ESPE2014 Poster Category 2 Pituitary (10 abstracts)
Pediatric Endocrinology, Marmara University, Istanbul, Turkey
Background: Pituitary adenomas in childhood are 26% of all surgically treated pituitary adenomas at all ages. It has been estimated that TSH secretion is rare (<1% of all pituitary adenomas). Therefore, TSH secreting adenoma is very rare in childhood. Here we present the youngest patient with TSH secreting adenoma.

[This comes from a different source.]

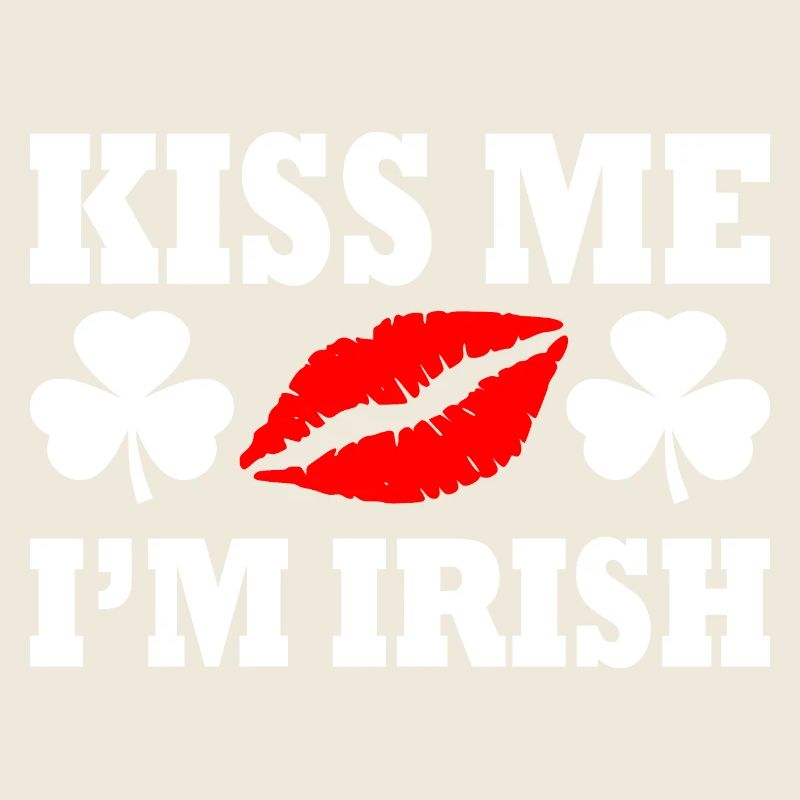 Kiss me im irish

Case: A 7-year-old boy was referred to our clinic with thyroid dysfunction by the psychiatry clinic, during his evaluation of hyperactivity and nervousness. He had mild headache for 2 years. On presentation to our clinic, his BMI was >95p, blood pressure and heart rate were 130/80 mmHg and 110 beats/m respectively. There was no thyroid enlargement. tremor or ophthalmopathy. His serum TSH level was 11 mIU/ml with a fT4:2.1 ng/dl (0.931.7) and a fT3: 7.5 pg/ml (1.84.6). Thyroid functions of the parents were normal. On TRH test, fairly normal response with a TSH peak of 47.9 μIU/ml was observed. The α-glycoprotein hormone subunit level was 8.8 IU/l (00.8) and suggestive for TSH secreting adenoma, and, pituitary MRI revealed a 17 mm adenoma infiltrating right cavernous sinus. His prolactin level was 25 ng/ml. There were no other pituitary hormone deficiencies or hypersecretions including GH and ACTH. Transsphenoidal adenoma resection was performed and histopathology showed pituitary adenoma with prolactin, GH, and TSH staining.
Conclusion: Although it is a rare condition for pediatric age, TSH secreting adenoma should be excluded in children having high or normal TSH level with high serum T4 and T3 levels.